Google Cloud Professional Machine Learning Engineer — Question 268
Your work for a textile manufacturing company. Your company has hundreds of machines, and each machine has many sensors. Your team used the sensory data to build hundreds of ML models that detect machine anomalies. Models are retrained daily, and you need to deploy these models in a cost-effective way. The models must operate 24/7 without downtime and make sub millisecond predictions. What should you do?
Answer options
- A. Deploy a Dataflow batch pipeline and a Vertex AI Prediction endpoint.
- B. Deploy a Dataflow batch pipeline with the Runlnference API, and use model refresh.
- C. Deploy a Dataflow streaming pipeline and a Vertex AI Prediction endpoint with autoscaling.
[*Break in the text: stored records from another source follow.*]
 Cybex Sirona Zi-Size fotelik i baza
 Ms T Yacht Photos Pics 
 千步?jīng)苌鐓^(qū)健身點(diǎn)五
- D. Deploy a Dataflow streaming pipeline with the Runlnference API, and use automatic model refresh.
Correct answer: D
Explanation
The correct answer is D because deploying a Dataflow streaming pipeline with the Runlnference API allows for real-time inference and automatic model refresh, ensuring that the models are always up-to-date and can provide predictions with minimal latency. Options A and B focus on batch processing, which is not suitable for 24/7 operation without downtime. Option C, while it mentions autoscaling, still lacks the automatic model refresh aspect that is critical for adapting to new data continuously.